• TASK OBJECTIVE: Please output only the lines running from the one that contains "601 Ang Mo Kio Avenue 5" through the last line of the data below, exactly as they stand, with no pictures.

[Brief descriptive captions]
=== Section Start ===

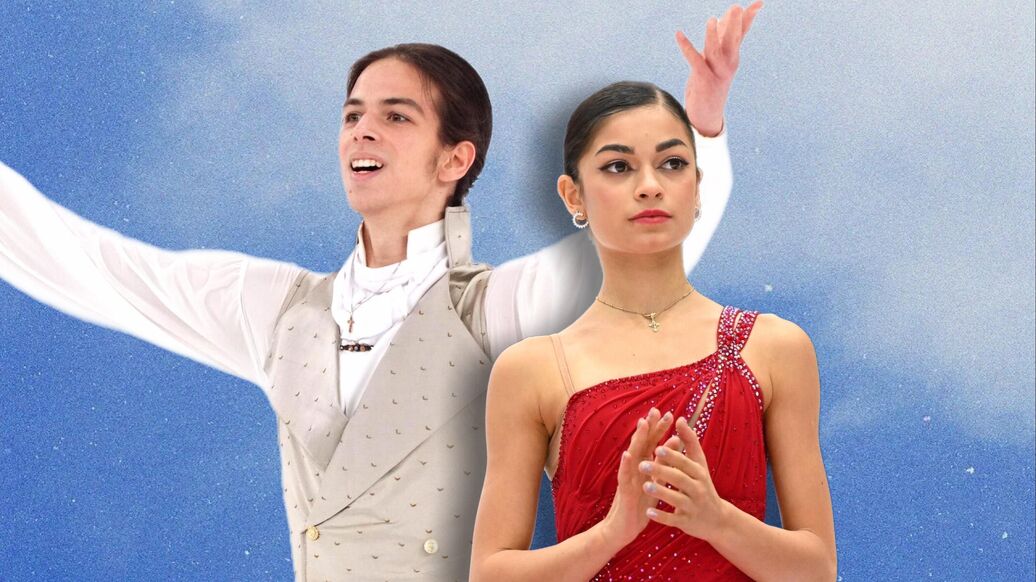 Наших фигуристов будут топить на Олимпиаде: кто выживет в среде унижений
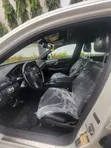 Mercedes-Benz E350 2011 White - 4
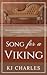 Song for a Viking (England ...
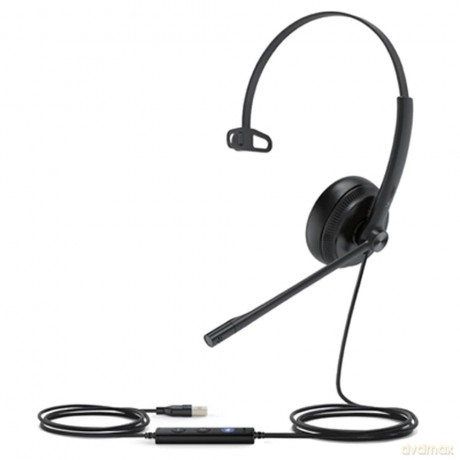 Słuchawki USB UH34 Lite Mono Teams
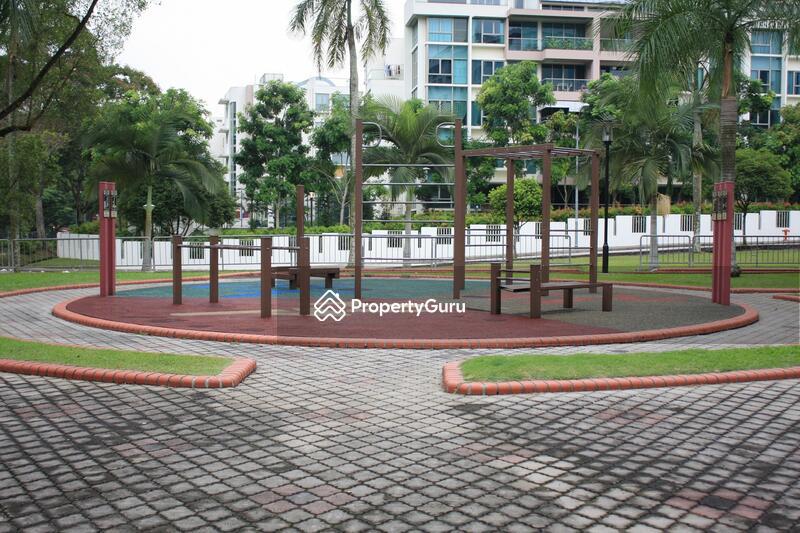 601 Ang Mo Kio Avenue 5
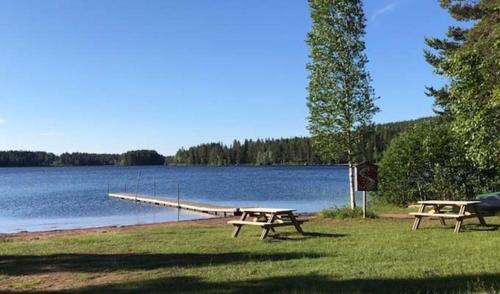 Bjursas Otro | Bjursås Berg & Sjö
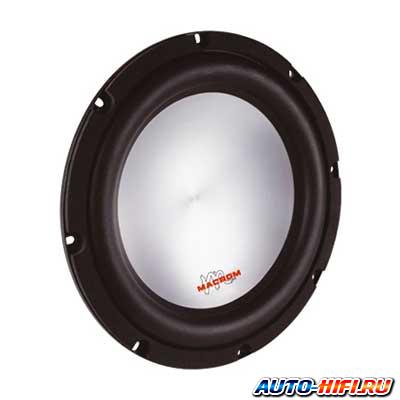 Сабвуферный динамик Macrom M2W.124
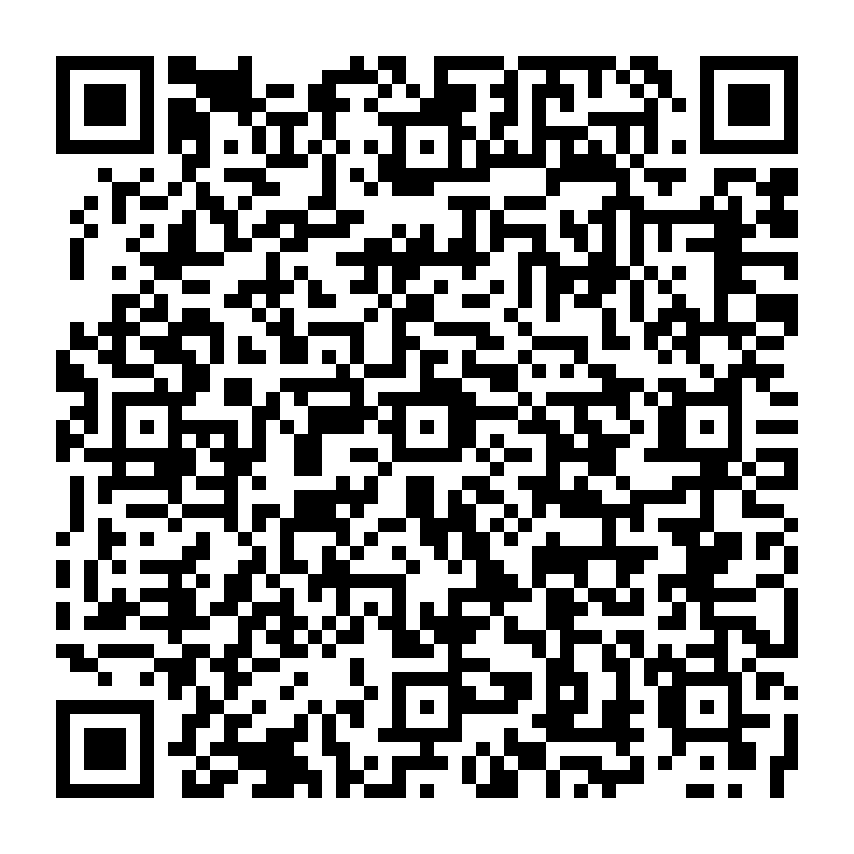 QR kodas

=== Section End ===

• RESPONSE TO THE EXERCISE:
 601 Ang Mo Kio Avenue 5
 Bjursas Otro | Bjursås Berg & Sjö
 Сабвуферный динамик Macrom M2W.124
 QR kodas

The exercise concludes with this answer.